ML

Chapter 1 Definitions

Individual: An object described in a set of data. Individuals can be people, animals, or things

Variable: An attribute that can take different values for different individuals

Categorial variable: Assigns labels that place each individual into a particular group, called a category

Quantitative variable: Takes number values that are quantities----counts or measurements

Univariate Data: If we only take one measurement on each object

Bivariate data: Two measurements on each object

Discrete variables: These result from counting something. A quantitative variable that takes a fixed set of possible values with gaps between them.

Continuous variables: It results from measuring something. A quantitative variable that can take any value in an interval on the number line.

Distribution: This tells us what values the variable takes and how often it takes those values

Frequency table: Shows the number of individuals having each value. The frequency of a value is the number of times that observation occurs.

Relative frequency table: Shows the proportion or percent of individuals having each value. The relative frequency of a value is the ratio of the frequency to the total number of observations.

Cumulative Frequency: It gives the number of observations less than or equal to a specified value.

Frequency Distribution Table: A table giving all possible values of a variable and its frequencies.

Bar Graph: It shows each category as a bar.

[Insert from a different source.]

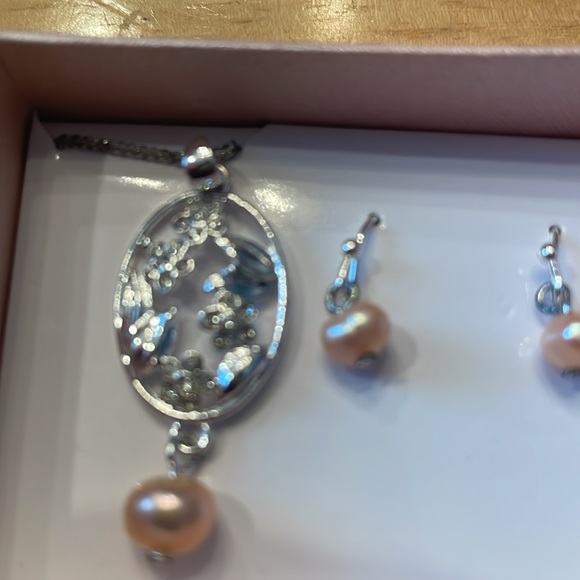 Earrings and necklace set new - Picture 2 of 3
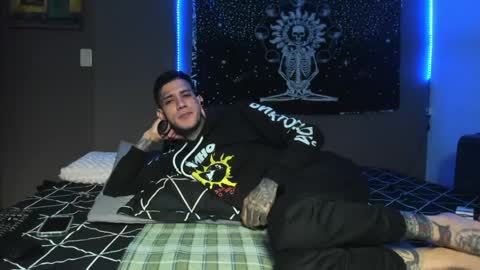 Snapshot of cleosexxx chatting on 23, 4, 2026 cleo y maikol online show from 23, 4, 2026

The heights of the bars show the category frequencies or relative frequencies. They display categorical data and will have space between each other.

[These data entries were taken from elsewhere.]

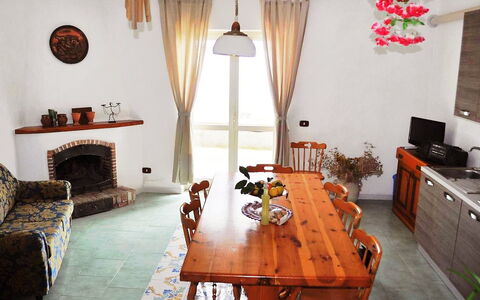 Dea Afrodite: Zimmer, Esszimmer, Eigentum, Interior Design, Möbel, Gebäude, Fussboden, Decke, Tabelle, Haus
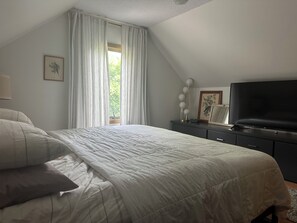 5 bedrooms, desk, iron/ironing board, free WiFi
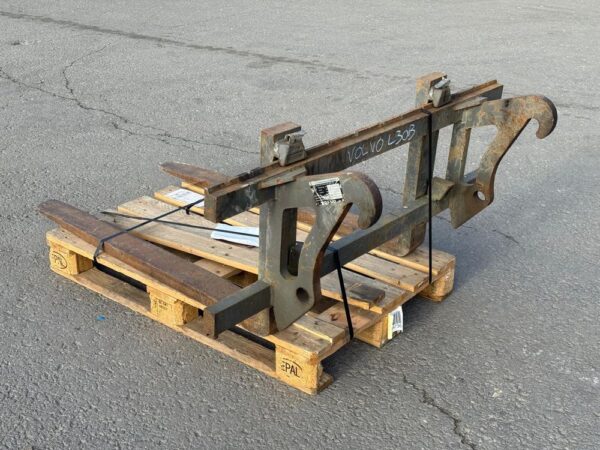 Volvo Pallgafflar 2500kg 135cm/120cm Volvo L30 - Bild 6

Pie chart: It shows each category as a slice of the pie. The area of the slices is proportional to the category frequencies or relative frequencies. They also display amounts and frequencies in a set of data.

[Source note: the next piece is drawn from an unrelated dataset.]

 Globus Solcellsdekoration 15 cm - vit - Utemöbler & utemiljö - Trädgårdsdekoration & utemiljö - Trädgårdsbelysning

Two-way table:  It is a table of counts that summarizes data on the relationship between two categorical variables for some group of individuals.

Marginal Relative Frequency: It gives the percent or proportion of individuals that have a specific value for one categorical variable

Joint Relative Frequency: It gives the percent or proportion of individuals that have a specific value for one categorical variable and a specific value for another categorical variable

Conditional Relative Frequency: It gives the percent or proportion of individuals that have a specific value for a categorical variable among individuals who share the same value of another categorical variable

Side by Side Bar Graph: It displays the distribution of a categorical variable for each value of another categorical variable. The bars are grouped based on the values of one of the categorical variables and placed side by side

Segmented Bar Graph: It displays the distribution of a categorical variable as segments of a rectangle, with the area of each segment proportional to the percent of individuals in the corresponding category.

Mosaic Plot: A modified segmented bar graph in which the width of each rectangle is proportional to the number of individuals in the corresponding category

Association: There is an association between two variables if knowing the value of one variable helps us predict the value of the other variable. If knowing the value of one variable does not help us predict the value of the other, then there is no association between the variables.